▸ **Exercise description**
Print all of the data exactly, but drop the pictures.

▸ **Data**
- - - - -

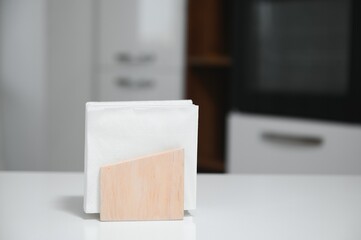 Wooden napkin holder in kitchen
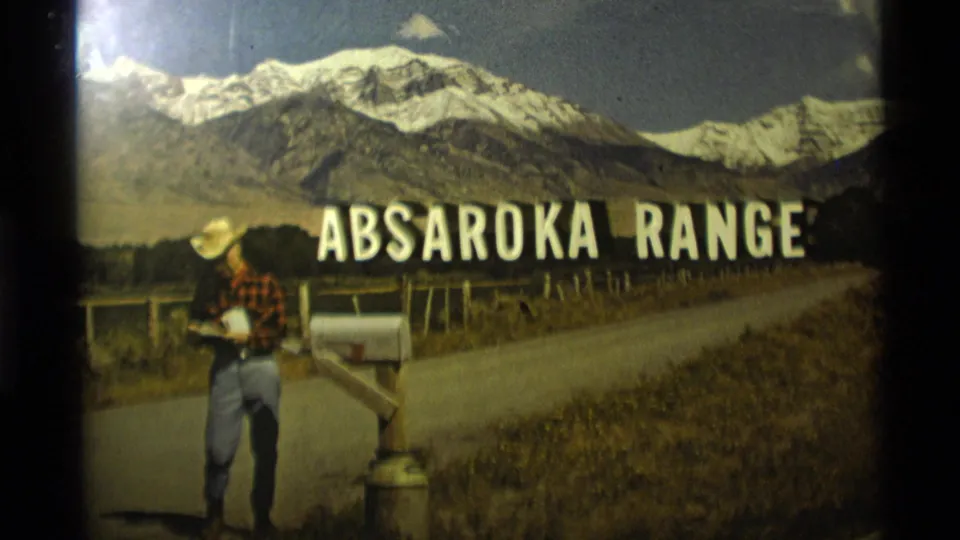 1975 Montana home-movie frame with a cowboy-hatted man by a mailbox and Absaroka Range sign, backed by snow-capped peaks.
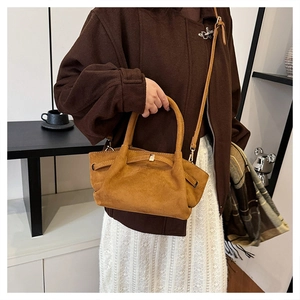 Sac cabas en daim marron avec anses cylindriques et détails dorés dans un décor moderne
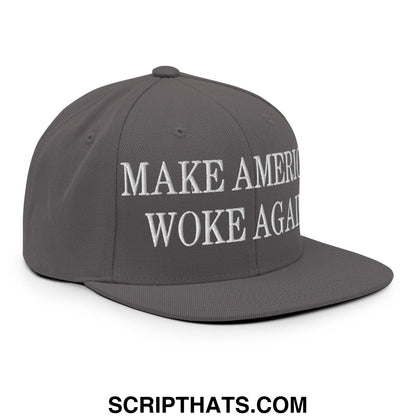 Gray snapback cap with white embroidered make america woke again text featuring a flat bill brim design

- - - - -

▸ **Reply**
 Wooden napkin holder in kitchen
 1975 Montana home-movie frame with a cowboy-hatted man by a mailbox and Absaroka Range sign, backed by snow-capped peaks.
 Sac cabas en daim marron avec anses cylindriques et détails dorés dans un décor moderne
 Gray snapback cap with white embroidered make america woke again text featuring a flat bill brim design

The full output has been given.